I would like to offer you a free edit for one chapter. It doesn't have to be the first chapter. A lot can be learned from the edits from one chapter because most writers make the same mistakes over and over. FWIW.


----------



## T. Lee Cook (Dec 27, 2012)

Ed,

There are a lot of new authors feeling the same way. I can relate.
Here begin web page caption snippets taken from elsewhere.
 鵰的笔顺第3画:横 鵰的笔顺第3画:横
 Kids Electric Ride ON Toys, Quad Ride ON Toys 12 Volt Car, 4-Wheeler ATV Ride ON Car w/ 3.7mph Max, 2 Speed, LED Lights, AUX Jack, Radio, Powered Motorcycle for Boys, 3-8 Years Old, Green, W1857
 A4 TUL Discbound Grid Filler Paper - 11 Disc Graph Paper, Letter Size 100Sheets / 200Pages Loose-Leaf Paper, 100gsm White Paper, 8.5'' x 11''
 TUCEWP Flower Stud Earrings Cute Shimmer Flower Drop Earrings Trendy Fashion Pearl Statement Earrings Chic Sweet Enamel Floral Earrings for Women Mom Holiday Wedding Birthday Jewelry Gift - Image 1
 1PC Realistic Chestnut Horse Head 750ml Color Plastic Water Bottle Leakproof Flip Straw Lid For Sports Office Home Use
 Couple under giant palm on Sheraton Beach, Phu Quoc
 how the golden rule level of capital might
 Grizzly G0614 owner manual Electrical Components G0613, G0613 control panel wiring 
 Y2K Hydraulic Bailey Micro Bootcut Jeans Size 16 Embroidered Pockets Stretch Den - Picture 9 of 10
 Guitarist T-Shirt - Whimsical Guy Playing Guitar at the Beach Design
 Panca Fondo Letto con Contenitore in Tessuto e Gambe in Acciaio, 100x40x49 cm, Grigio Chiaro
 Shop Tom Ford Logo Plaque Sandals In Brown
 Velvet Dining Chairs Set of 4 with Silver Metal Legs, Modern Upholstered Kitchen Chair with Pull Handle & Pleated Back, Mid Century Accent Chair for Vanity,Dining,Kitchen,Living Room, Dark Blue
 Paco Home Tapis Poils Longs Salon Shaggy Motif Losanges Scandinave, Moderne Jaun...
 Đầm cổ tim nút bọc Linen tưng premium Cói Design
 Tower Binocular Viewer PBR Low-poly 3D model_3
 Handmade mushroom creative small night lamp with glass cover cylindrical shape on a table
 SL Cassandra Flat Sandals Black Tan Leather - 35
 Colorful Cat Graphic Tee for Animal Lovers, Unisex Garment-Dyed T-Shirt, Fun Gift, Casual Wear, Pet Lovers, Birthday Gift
I don't understand it when I see over 100 reviews on an eBook that's only been out a month. I mean most readers like to read...writers like to write. When I see a 2 page 5-star review it baffles me.


----------



## 56139 (Jan 21, 2012)




----------



## T. Lee Cook (Dec 27, 2012)

JanneCO said:


>


I like this. Very cool.


----------



## SEAN H. ROBERTSON (Mar 14, 2011)

This thing is bad- pathetically, hysterically, epically bad. --That's the FIRST review I ever received back in November 2010. Had I thrown in the towel,  I would've passed up 1200+ book sales since then. Publish your works and let the readers (not the critics) decide your authoring fate.


----------



## Andrew Ashling (Nov 15, 2010)

Yep. What the others said. If you love writing, don't give up. You'll get better but heaven forbid you'll ever be completely satisfied.

Maybe look at doing your formatting yourself. It's not that difficult, and I'm always prepared to help you or give you pointers.

Whatever you decide, good luck.


----------



## jasonzc (Dec 23, 2011)

I empathize. For me, it's the loss of my muse/girlfriend that has me down. I just don't care about writing right now. I've gotten a few one and two-star reviews, the sales aren't there. It can be depressing. Writing used to make me happy.

But the good thing is, when you do feel like writing and publishing again, everything is in place. This could be a good opportunity for you to rewrite your existing work. And you are the ultimate arbiter of taste. One of my books is rocking a 2.58 stars on Goodreads right now, and I wouldn't change a word of it.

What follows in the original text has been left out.